▸ DATA FOR PROCESSING
__________

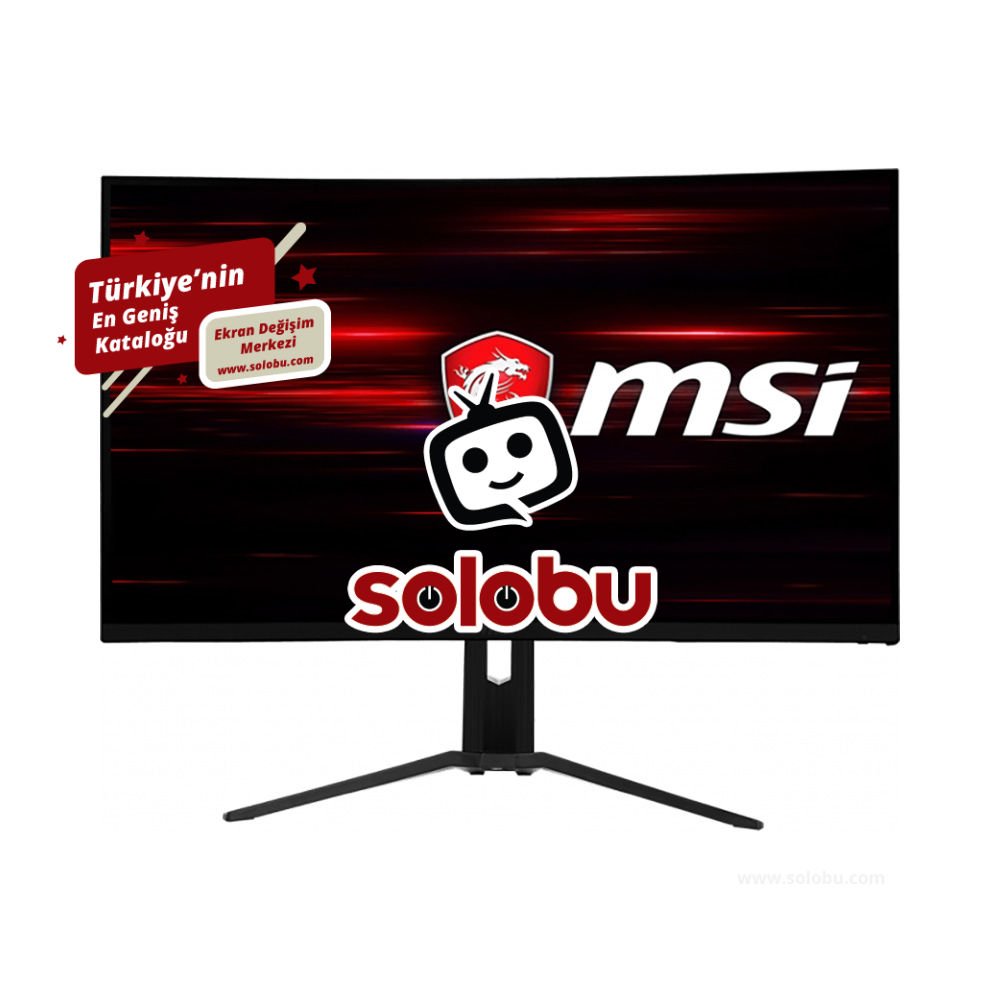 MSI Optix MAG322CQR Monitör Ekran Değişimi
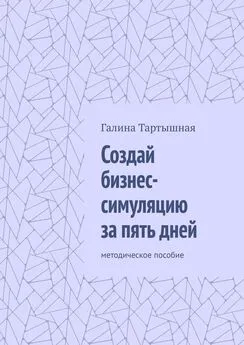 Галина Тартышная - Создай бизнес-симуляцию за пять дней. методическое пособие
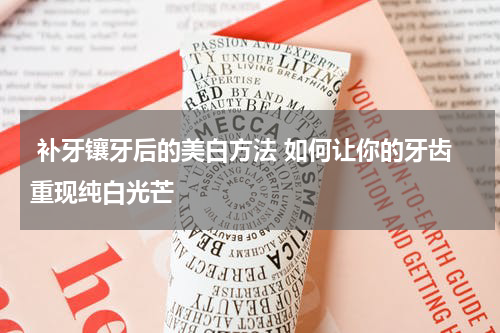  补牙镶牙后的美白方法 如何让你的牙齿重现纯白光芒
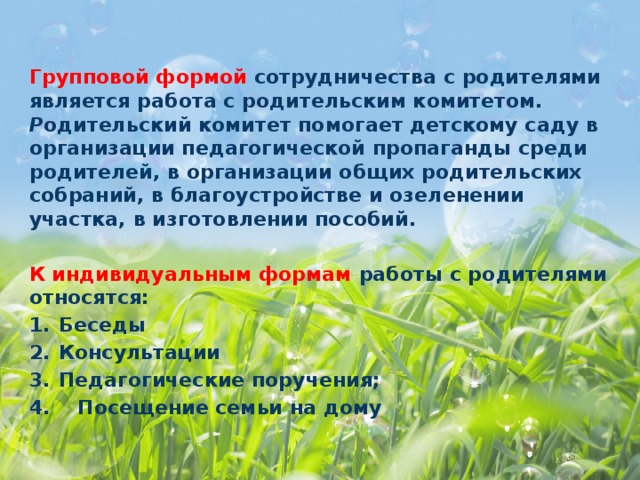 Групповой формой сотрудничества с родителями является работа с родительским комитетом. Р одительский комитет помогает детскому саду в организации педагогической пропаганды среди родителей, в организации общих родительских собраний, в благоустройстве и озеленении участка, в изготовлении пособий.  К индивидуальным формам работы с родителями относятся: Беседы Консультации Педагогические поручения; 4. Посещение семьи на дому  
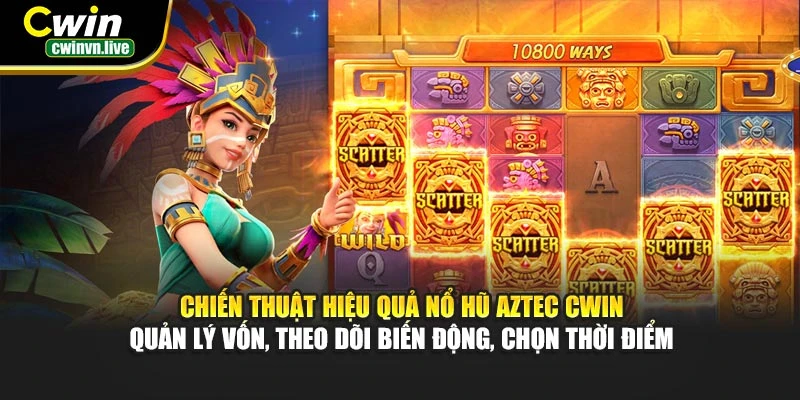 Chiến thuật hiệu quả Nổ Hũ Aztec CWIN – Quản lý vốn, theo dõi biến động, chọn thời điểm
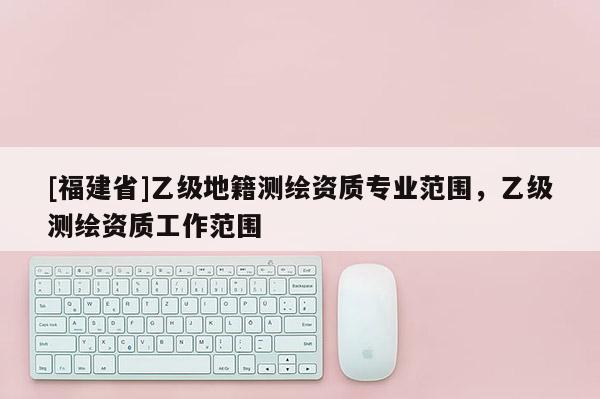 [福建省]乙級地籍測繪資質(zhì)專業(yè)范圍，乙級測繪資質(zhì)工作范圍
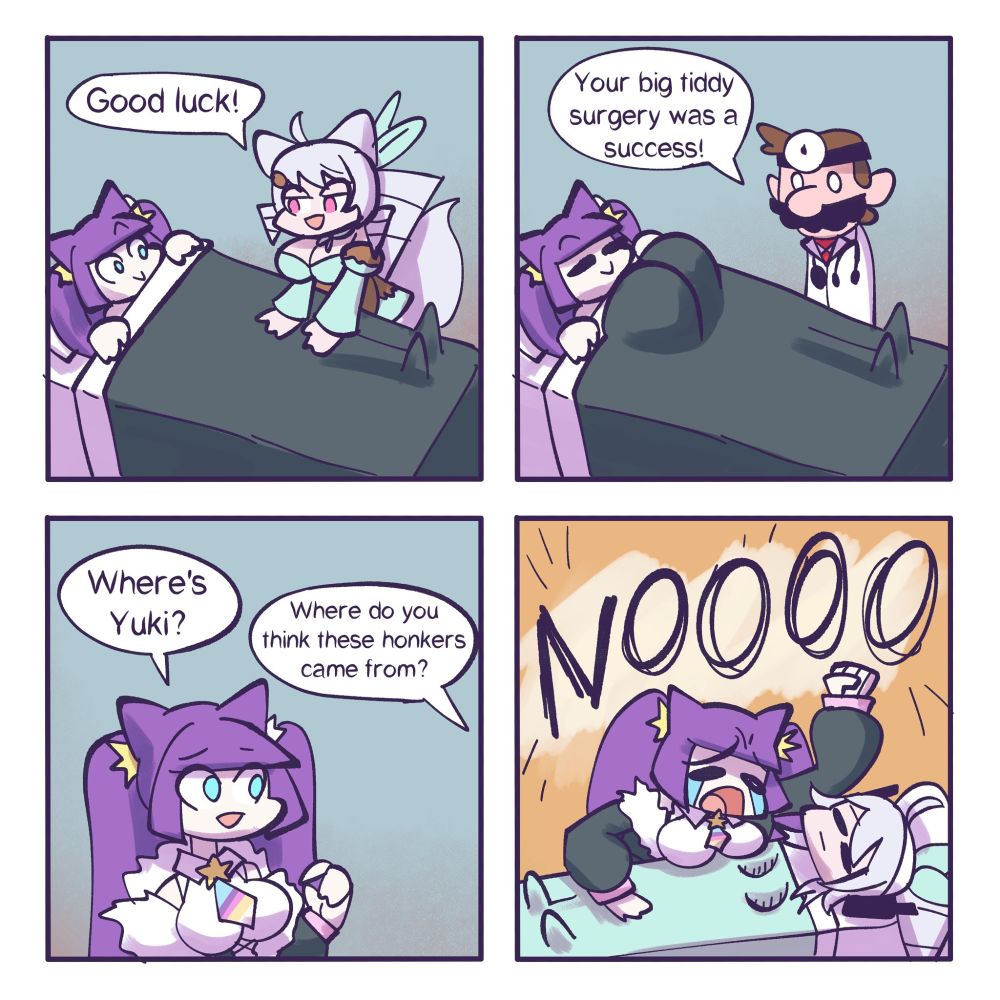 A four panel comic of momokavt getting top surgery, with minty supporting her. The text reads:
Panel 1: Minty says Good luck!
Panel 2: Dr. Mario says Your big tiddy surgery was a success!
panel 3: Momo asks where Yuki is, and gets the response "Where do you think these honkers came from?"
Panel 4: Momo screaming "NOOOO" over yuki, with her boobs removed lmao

__________

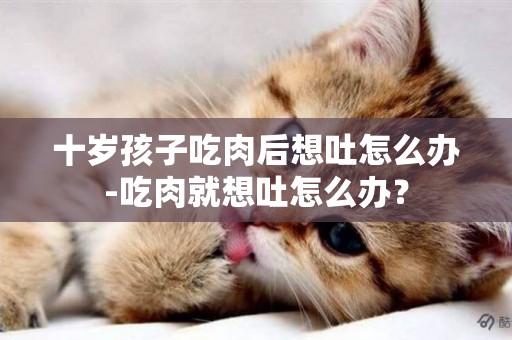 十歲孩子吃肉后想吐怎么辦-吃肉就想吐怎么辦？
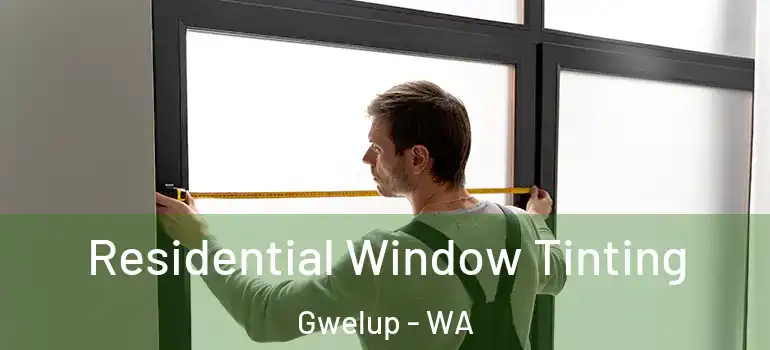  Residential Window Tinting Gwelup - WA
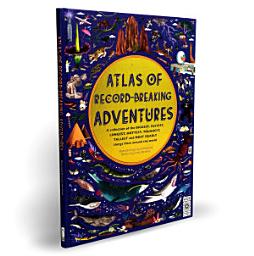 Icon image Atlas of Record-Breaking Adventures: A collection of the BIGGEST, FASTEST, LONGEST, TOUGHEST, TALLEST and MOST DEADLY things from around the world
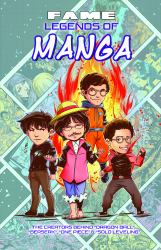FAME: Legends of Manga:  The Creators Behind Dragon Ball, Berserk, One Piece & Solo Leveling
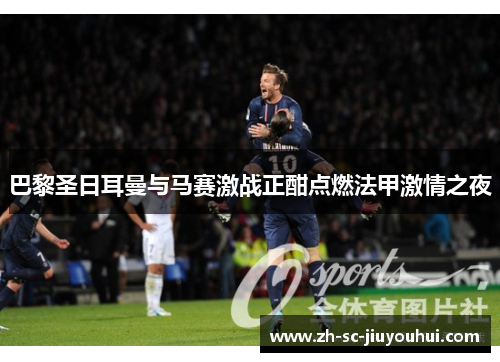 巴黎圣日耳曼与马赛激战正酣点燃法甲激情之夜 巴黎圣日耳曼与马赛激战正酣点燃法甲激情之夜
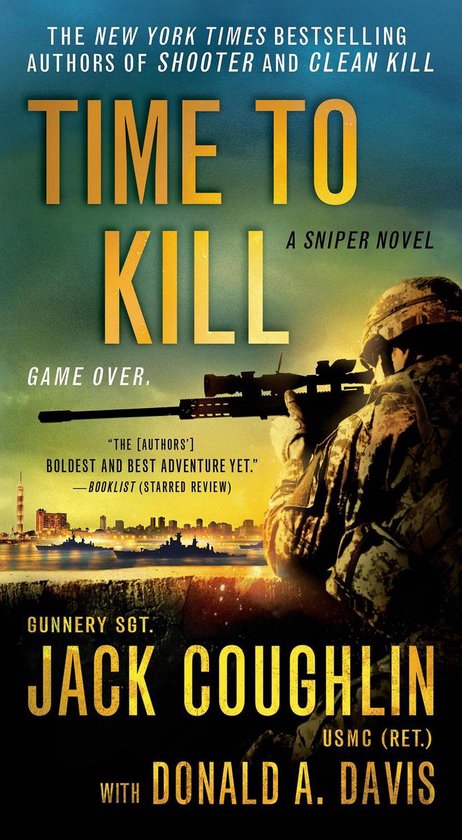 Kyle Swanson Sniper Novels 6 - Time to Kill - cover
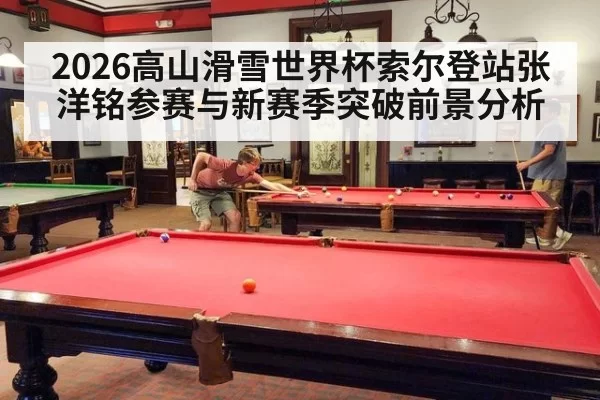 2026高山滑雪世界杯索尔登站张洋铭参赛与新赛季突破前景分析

__________

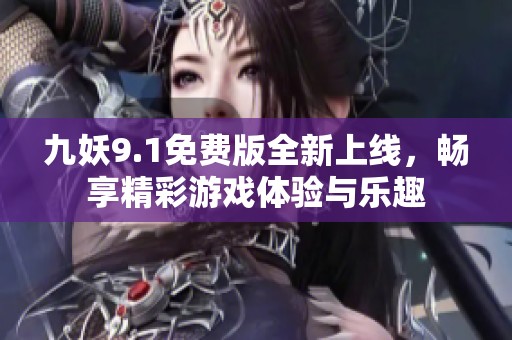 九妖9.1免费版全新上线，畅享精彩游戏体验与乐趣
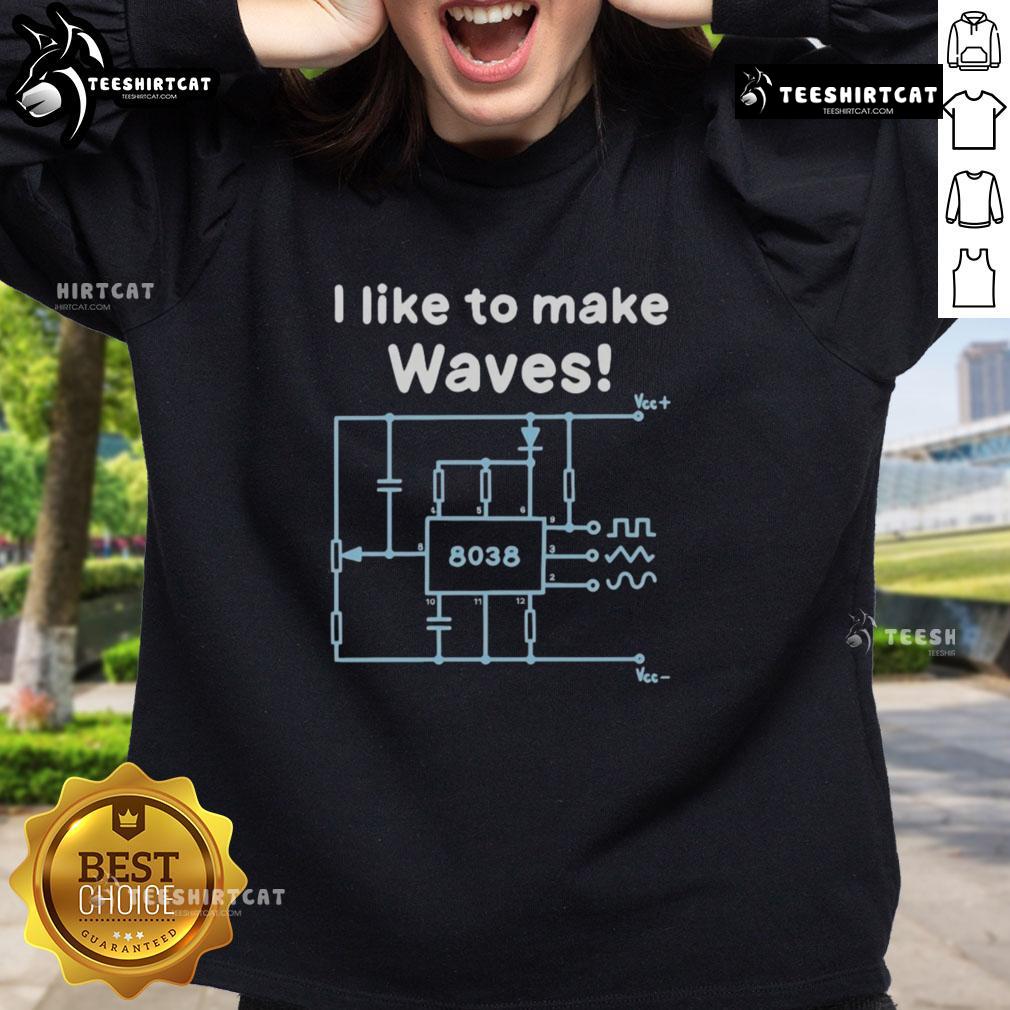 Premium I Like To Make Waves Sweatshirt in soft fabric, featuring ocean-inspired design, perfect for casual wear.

__________

▸ WHAT THE TASK REQUIRES
If a line of the data above holds the string "says", count it, then give only the final number.

▸ SOLVED EXERCISE
2